*ACTIVITY*:
Would you please restate the data exactly as it stands, apart from the pictures?

(INFORMATION SUPPLIED Opens)

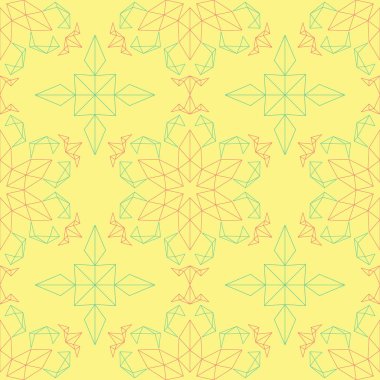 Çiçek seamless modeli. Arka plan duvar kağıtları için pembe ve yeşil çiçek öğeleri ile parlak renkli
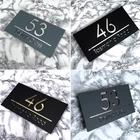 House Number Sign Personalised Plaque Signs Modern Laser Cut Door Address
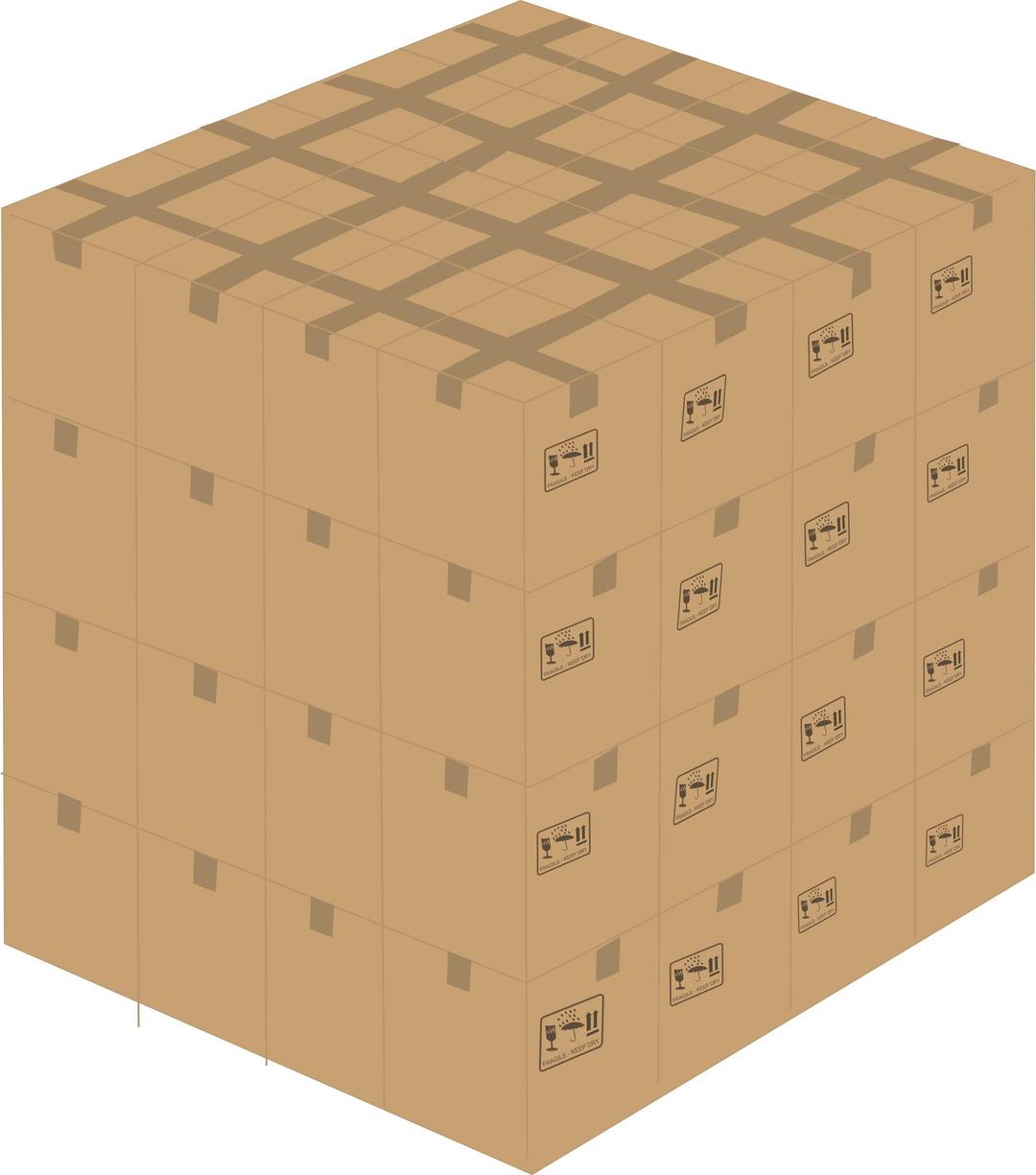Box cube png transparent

(INFORMATION SUPPLIED Closes)

*YOUR RESPONSE*:
 Çiçek seamless modeli. Arka plan duvar kağıtları için pembe ve yeşil çiçek öğeleri ile parlak renkli
 House Number Sign Personalised Plaque Signs Modern Laser Cut Door Address
Box cube png transparent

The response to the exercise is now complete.